We can apply the dramatic imagery not only to people, but to the policies and global forces that are destructive to societies and to the planet, and yet we insist that God’s goodness and justice is always present.

Psalm 60
God seems to have abandoned us, and we are being defeated even though God claimed for us the territory of all our tribes. We pray that God will turn things around and do great deeds through us.

This psalm can easily be applied to the threat of destruction of the planet in our day, but we will continue to insist that God’s goodness and care is supreme over all the forces of evil.

Exodus 34.1-17                           What’s Exodus about?
The breaking of the first stone commandments symbolized the people’s breaking of God’s covenant to live in justice. However, God’s faithfulness to the people is shown by God giving a second set of stones with the commandments written on them, thus showing God’s over-riding compassion to thousands of generations. It’s not that there aren’t consequences for exploiting others, but the consequences will last only a short time—just a couple of generations.

When they reach the land God will give them, God warns against abandoning justice as their central loyalty. By joining the religions there dedicated to greed and terror (as the Israelites understood them to be), the people will put themselves in great danger. The same can be seen to be true in our time—religious practices, even Christian versions, that make power and oppression a priority have the potential to wreck havoc on the world.

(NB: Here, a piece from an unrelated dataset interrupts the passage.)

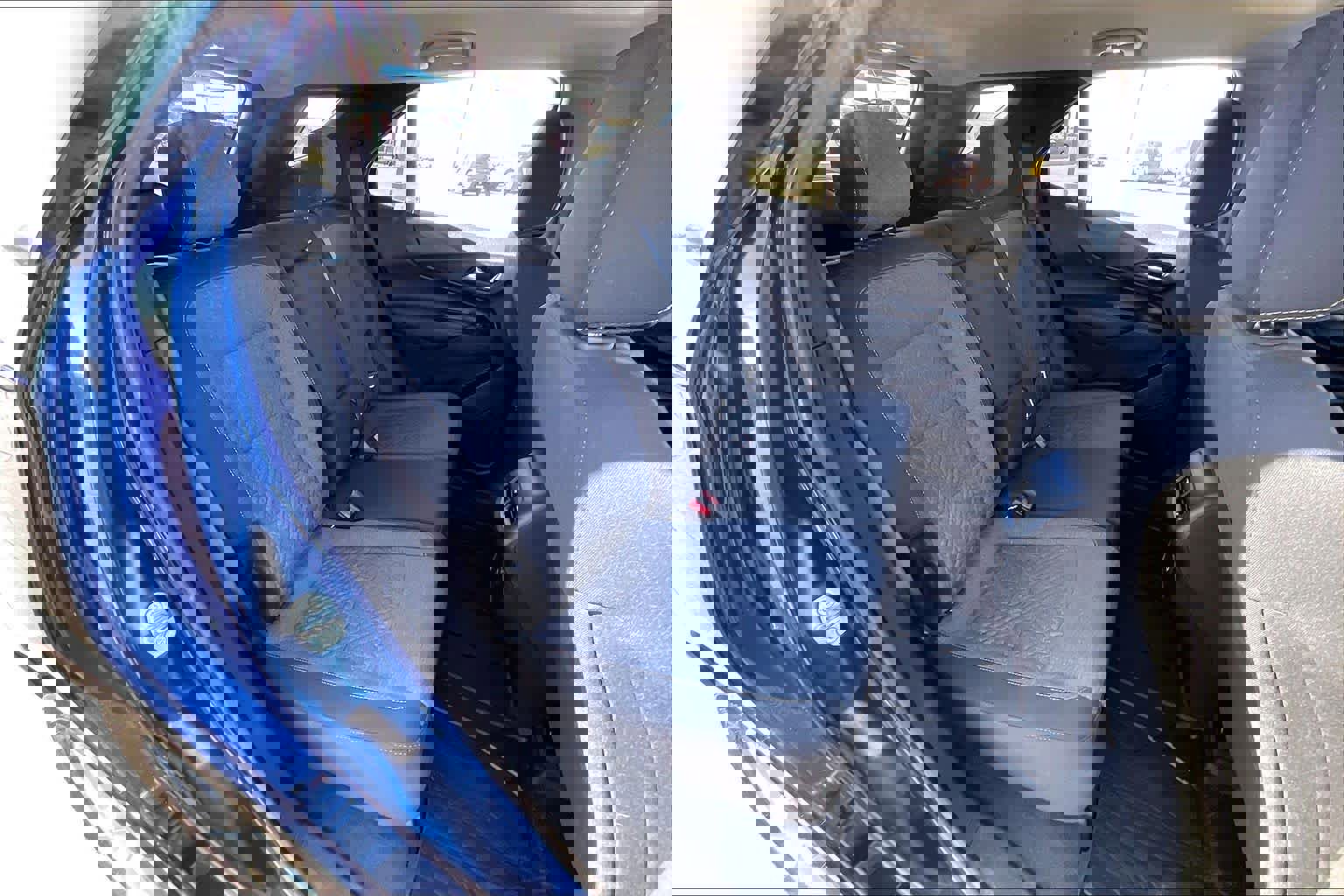 Used 2022 Chevrolet Equinox LT image 19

Matthew 5.21-26                           What’s Matthew about?
Matthew understands that Jesus, giving us commandments on a mountain (the “sermon on the mount”), is calling us to an even higher level of justice than the Ten Commandments did—justice is to be the basis of our motivations as well as our outward actions. The dramatic punishments for not being just in motivation were not intended to be taken literally, but to illustrate how deeply we are to be as committed to justice in our relationships with others as if the consequences of not doing so were literally going to be like being in prison for life. Which is what following injustice does to us.
To claim, by the symbolism of the “mount” that Jesus was improving on the Ten Commandments, was a radical and perhaps even dangerous stance for the early Christians.

This week’s collect:

O God of peace,
who brought again from the dead our Lord Jesus Christ,
that great shepherd of the sheep,
by the blood of the eternal covenant,
make us perfect in every good work to do your will,
and work in us that which is well-pleasing in your sight;
through Jesus Christ our Lord. Amen.